Once the line with "Regular peanuts showed" is found in the entries below, repeat it and each following line exactly, up to and including the line with "Thumbnail: 2022 Ford Bronco Sport - 3". Add no other lines.

» **Extracted data**

/---

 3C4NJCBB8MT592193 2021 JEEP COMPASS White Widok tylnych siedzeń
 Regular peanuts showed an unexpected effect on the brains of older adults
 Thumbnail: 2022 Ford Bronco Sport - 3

\---
/---

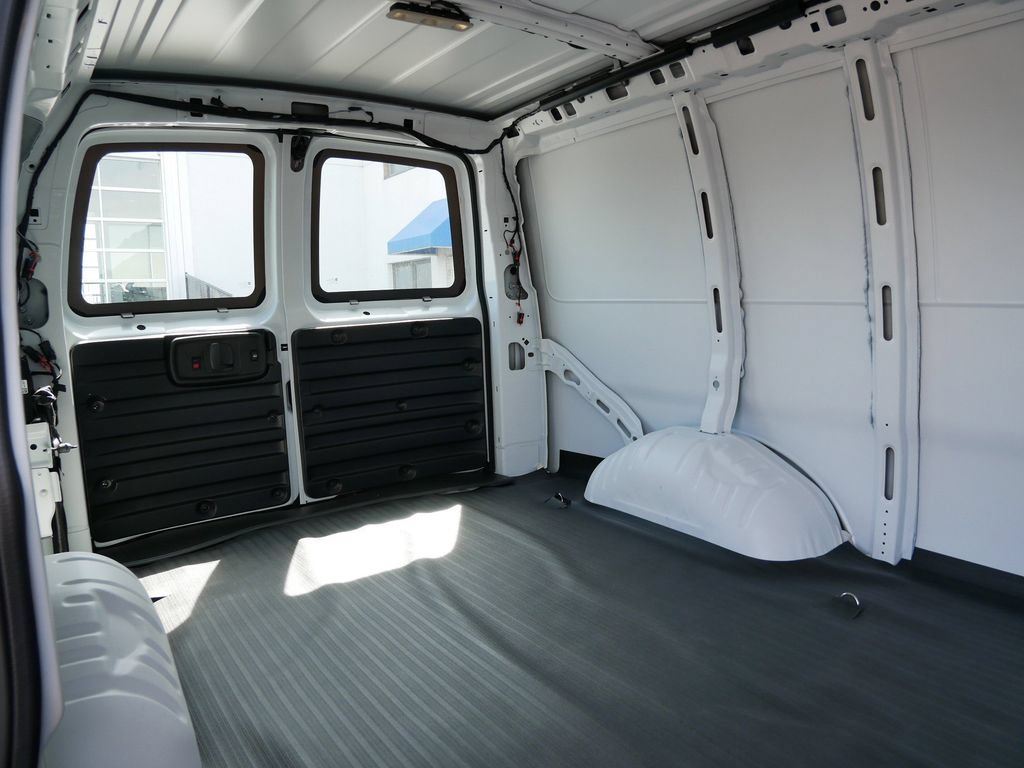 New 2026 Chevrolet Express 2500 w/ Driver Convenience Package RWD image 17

\---
/---

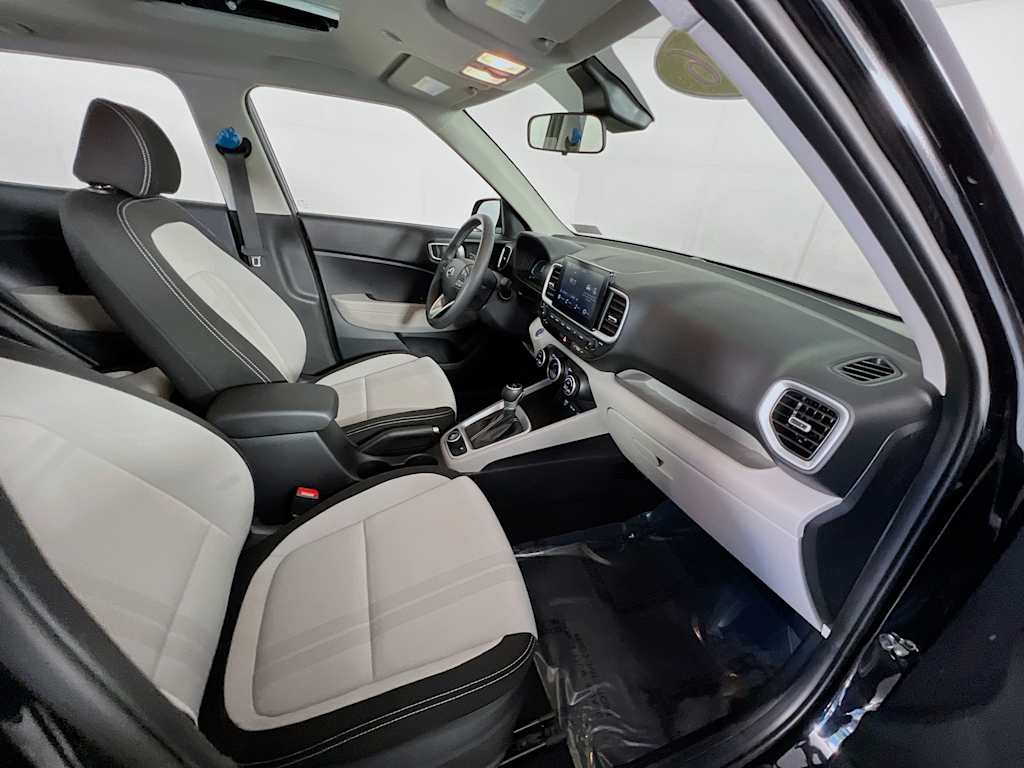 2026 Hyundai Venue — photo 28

\---

» **Result below**
 Regular peanuts showed an unexpected effect on the brains of older adults
 Thumbnail: 2022 Ford Bronco Sport - 3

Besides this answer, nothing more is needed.